══ Provided records ══

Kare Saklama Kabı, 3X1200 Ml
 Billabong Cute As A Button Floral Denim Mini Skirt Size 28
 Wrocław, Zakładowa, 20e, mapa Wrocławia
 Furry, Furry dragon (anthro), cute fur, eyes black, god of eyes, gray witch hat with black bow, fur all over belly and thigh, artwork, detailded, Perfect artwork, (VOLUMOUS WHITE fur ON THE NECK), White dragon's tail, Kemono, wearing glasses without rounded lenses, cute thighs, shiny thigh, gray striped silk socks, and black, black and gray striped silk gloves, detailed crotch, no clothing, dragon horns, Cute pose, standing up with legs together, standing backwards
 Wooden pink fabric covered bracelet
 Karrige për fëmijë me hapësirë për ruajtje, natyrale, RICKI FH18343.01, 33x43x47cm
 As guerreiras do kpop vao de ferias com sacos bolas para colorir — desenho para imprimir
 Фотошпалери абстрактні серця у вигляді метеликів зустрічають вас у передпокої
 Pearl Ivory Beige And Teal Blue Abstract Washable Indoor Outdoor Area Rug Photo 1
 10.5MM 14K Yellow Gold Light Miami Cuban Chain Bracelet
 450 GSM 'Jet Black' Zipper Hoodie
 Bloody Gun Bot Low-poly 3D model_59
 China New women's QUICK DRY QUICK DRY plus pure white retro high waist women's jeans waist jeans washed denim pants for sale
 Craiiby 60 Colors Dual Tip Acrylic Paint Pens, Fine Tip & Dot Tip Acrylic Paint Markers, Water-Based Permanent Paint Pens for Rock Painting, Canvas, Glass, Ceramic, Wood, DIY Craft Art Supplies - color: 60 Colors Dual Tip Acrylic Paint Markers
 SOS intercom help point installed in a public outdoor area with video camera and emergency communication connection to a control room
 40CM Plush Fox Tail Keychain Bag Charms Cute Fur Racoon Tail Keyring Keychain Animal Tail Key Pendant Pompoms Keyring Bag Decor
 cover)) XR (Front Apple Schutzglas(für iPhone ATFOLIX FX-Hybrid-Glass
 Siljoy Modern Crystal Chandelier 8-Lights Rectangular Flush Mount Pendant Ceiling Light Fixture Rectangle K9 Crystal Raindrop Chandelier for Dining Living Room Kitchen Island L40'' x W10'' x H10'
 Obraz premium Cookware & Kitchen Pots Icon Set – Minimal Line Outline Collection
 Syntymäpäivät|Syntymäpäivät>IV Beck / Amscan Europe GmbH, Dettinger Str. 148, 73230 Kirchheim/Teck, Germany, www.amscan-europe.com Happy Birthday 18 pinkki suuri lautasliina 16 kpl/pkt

═══

■ Exercise goal ■
Every line with "Pendant" in it should be copied from the entries.

■ Solution to this exercise ■
 40CM Plush Fox Tail Keychain Bag Charms Cute Fur Racoon Tail Keyring Keychain Animal Tail Key Pendant Pompoms Keyring Bag Decor
 Siljoy Modern Crystal Chandelier 8-Lights Rectangular Flush Mount Pendant Ceiling Light Fixture Rectangle K9 Crystal Raindrop Chandelier for Dining Living Room Kitchen Island L40'' x W10'' x H10'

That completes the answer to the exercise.